### EXERCISE AIM:
An exact copy of every entry is needed here; the images stay out.

### SUPPLIED MATERIAL:
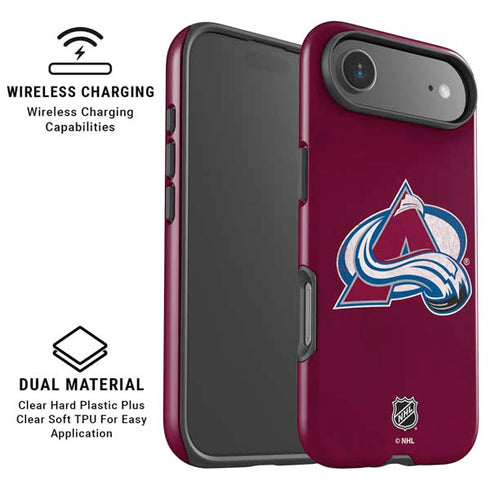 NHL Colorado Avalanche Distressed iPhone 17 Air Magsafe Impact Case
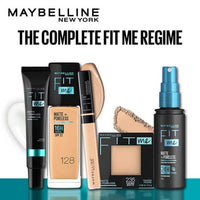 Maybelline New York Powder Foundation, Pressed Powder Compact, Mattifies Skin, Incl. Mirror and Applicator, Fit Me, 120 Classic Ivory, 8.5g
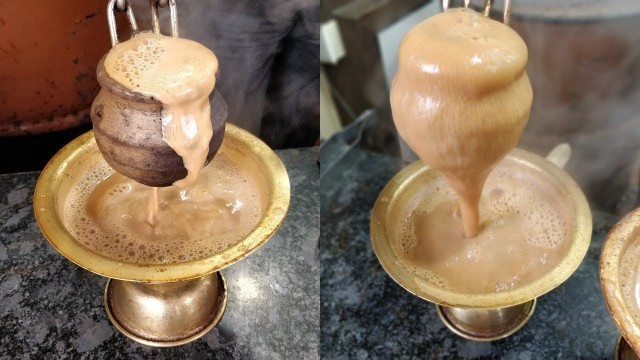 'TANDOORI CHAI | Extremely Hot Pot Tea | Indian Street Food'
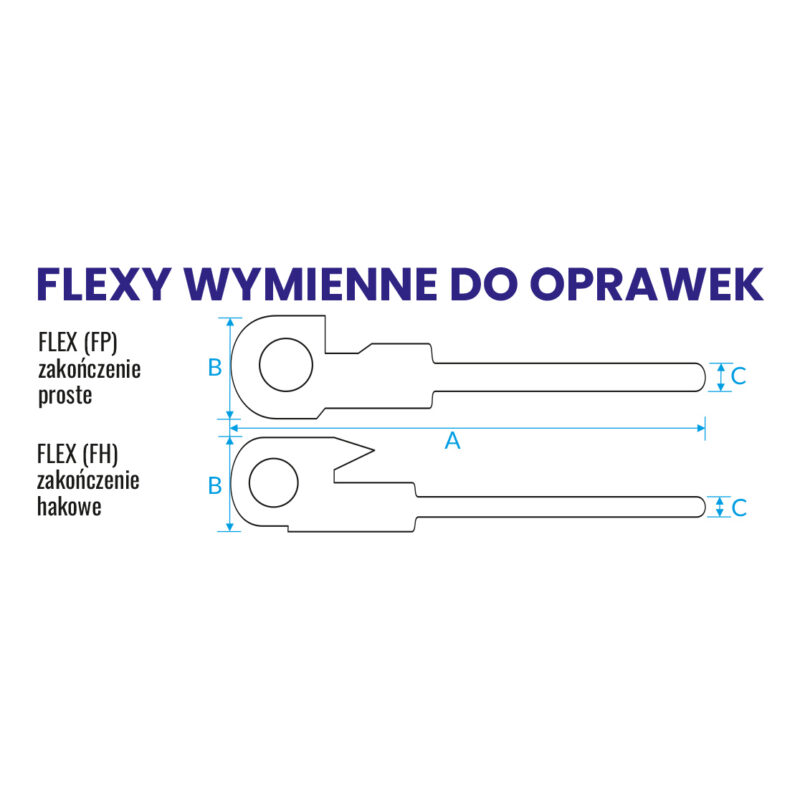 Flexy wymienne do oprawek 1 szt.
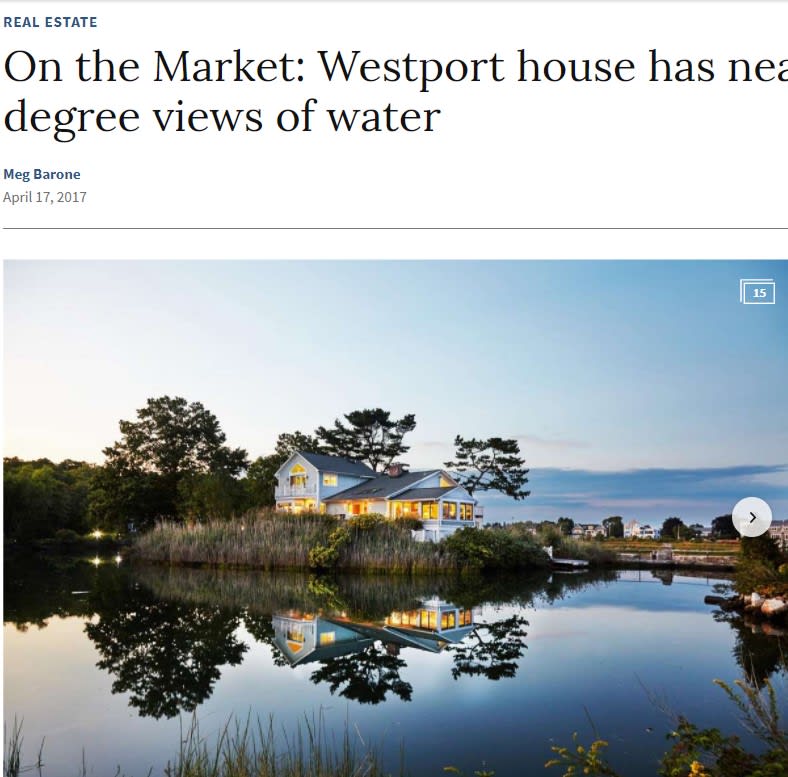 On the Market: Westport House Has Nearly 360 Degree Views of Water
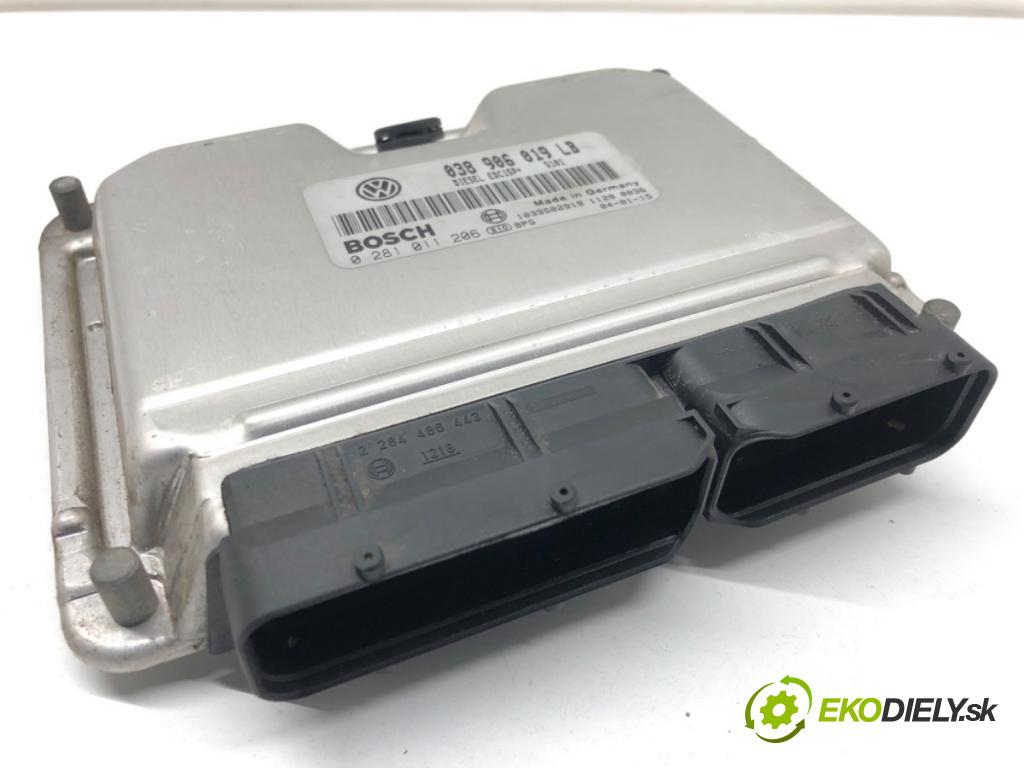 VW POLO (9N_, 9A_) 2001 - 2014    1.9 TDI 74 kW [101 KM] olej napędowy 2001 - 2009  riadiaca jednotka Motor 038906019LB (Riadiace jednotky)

### SOLUTION:
 NHL Colorado Avalanche Distressed iPhone 17 Air Magsafe Impact Case
 Maybelline New York Powder Foundation, Pressed Powder Compact, Mattifies Skin, Incl. Mirror and Applicator, Fit Me, 120 Classic Ivory, 8.5g
 'TANDOORI CHAI | Extremely Hot Pot Tea | Indian Street Food'
 Flexy wymienne do oprawek 1 szt.
 On the Market: Westport House Has Nearly 360 Degree Views of Water
 VW POLO (9N_, 9A_) 2001 - 2014    1.9 TDI 74 kW [101 KM] olej napędowy 2001 - 2009  riadiaca jednotka Motor 038906019LB (Riadiace jednotky)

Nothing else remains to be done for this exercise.